→ EXERCISE DIRECTIONS:
Set down exactly the lines below, from the one containing "آثار سوزتی - Suseti" through the final line, and include no others.

Collection entries:
*** Begin section ***

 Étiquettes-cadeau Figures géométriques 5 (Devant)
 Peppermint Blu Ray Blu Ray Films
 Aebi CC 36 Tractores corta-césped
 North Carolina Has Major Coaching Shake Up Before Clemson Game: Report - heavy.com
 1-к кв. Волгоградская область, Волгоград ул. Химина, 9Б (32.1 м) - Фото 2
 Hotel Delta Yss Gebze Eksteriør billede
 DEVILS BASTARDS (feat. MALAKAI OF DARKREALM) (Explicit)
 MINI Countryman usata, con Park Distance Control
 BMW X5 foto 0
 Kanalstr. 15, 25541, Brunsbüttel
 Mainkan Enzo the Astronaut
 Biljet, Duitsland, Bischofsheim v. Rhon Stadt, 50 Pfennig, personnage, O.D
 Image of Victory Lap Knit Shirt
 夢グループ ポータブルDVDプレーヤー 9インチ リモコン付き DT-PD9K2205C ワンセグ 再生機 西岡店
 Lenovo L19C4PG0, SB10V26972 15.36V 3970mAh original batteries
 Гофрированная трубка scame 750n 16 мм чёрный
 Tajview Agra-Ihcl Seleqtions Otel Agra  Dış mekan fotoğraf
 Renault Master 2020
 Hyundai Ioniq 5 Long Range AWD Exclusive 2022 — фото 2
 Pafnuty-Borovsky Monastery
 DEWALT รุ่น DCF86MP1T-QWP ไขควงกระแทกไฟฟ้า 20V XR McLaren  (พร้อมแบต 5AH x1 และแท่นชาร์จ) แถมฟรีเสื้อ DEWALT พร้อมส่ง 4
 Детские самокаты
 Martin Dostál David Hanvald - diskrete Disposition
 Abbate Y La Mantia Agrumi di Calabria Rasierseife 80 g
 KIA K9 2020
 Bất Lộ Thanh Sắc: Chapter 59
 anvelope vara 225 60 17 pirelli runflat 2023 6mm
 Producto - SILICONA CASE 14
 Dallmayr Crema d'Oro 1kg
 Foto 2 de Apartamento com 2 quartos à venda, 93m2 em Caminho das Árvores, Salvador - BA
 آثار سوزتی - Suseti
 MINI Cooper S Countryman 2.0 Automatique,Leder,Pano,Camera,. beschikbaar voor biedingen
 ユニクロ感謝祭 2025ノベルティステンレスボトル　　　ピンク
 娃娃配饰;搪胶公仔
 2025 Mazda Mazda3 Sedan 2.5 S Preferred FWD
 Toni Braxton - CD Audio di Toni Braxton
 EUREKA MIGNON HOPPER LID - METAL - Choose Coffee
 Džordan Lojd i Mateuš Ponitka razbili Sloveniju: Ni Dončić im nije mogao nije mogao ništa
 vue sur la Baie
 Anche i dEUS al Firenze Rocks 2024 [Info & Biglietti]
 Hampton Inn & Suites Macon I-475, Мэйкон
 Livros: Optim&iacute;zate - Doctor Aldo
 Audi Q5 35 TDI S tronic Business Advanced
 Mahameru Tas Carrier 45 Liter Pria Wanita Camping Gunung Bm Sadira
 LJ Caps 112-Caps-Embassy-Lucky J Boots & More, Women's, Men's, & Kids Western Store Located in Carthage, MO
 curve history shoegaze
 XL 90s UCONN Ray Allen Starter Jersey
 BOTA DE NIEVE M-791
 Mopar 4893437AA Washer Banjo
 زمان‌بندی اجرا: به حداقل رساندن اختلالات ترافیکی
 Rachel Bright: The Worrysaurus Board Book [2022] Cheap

*** End section ***

→ REPLY:
 آثار سوزتی - Suseti
 MINI Cooper S Countryman 2.0 Automatique,Leder,Pano,Camera,. beschikbaar voor biedingen
 ユニクロ感謝祭 2025ノベルティステンレスボトル　　　ピンク
 娃娃配饰;搪胶公仔
 2025 Mazda Mazda3 Sedan 2.5 S Preferred FWD
 Toni Braxton - CD Audio di Toni Braxton
 EUREKA MIGNON HOPPER LID - METAL - Choose Coffee
 Džordan Lojd i Mateuš Ponitka razbili Sloveniju: Ni Dončić im nije mogao nije mogao ništa
 vue sur la Baie
 Anche i dEUS al Firenze Rocks 2024 [Info & Biglietti]
 Hampton Inn & Suites Macon I-475, Мэйкон
 Livros: Optim&iacute;zate - Doctor Aldo
 Audi Q5 35 TDI S tronic Business Advanced
 Mahameru Tas Carrier 45 Liter Pria Wanita Camping Gunung Bm Sadira
 LJ Caps 112-Caps-Embassy-Lucky J Boots & More, Women's, Men's, & Kids Western Store Located in Carthage, MO
 curve history shoegaze
 XL 90s UCONN Ray Allen Starter Jersey
 BOTA DE NIEVE M-791
 Mopar 4893437AA Washer Banjo
 زمان‌بندی اجرا: به حداقل رساندن اختلالات ترافیکی
 Rachel Bright: The Worrysaurus Board Book [2022] Cheap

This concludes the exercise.